*Dataset entries:*
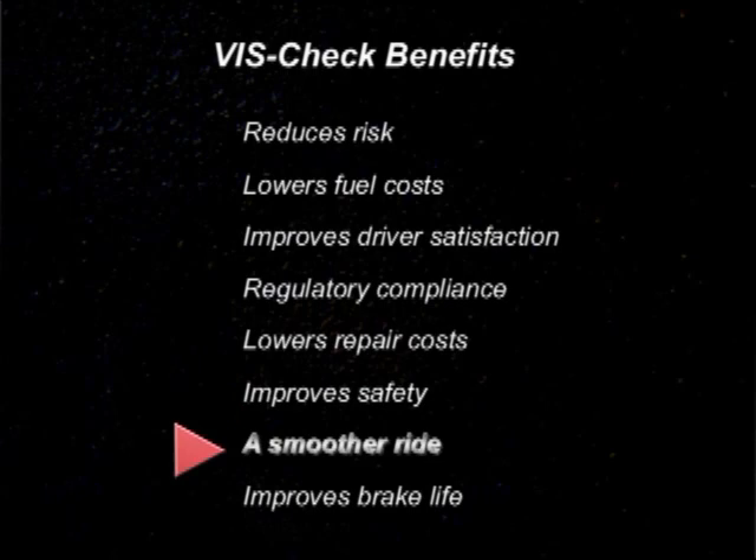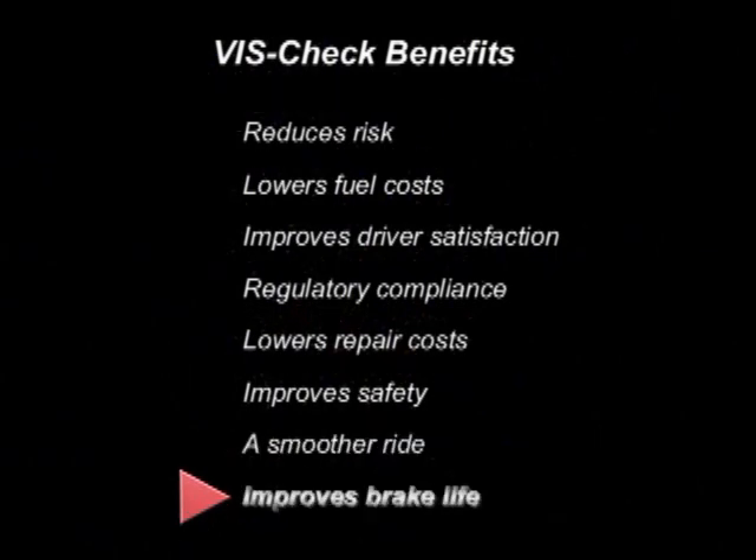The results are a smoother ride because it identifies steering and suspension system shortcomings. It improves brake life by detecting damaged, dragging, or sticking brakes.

...

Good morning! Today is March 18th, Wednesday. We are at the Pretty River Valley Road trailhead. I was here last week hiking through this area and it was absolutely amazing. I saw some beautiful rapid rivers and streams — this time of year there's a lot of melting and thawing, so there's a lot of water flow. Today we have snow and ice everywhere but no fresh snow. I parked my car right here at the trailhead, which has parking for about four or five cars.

...

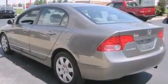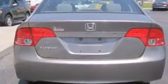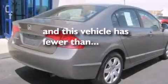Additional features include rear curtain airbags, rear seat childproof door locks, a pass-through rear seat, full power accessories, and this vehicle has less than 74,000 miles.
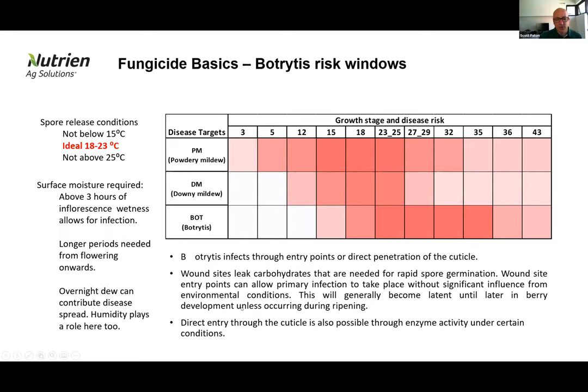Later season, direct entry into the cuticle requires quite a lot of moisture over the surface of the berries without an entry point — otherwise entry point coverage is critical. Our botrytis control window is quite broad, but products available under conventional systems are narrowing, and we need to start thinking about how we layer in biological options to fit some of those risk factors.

*Prompt:*
Leave the pictures out, and transcribe exactly the lines above starting at the one that contains "Additional features include" and ending at the one that contains "Later season, direct".

*Result of this exercise:*
Additional features include rear curtain airbags, rear seat childproof door locks, a pass-through rear seat, full power accessories, and this vehicle has less than 74,000 miles.
Later season, direct entry into the cuticle requires quite a lot of moisture over the surface of the berries without an entry point — otherwise entry point coverage is critical. Our botrytis control window is quite broad, but products available under conventional systems are narrowing, and we need to start thinking about how we layer in biological options to fit some of those risk factors.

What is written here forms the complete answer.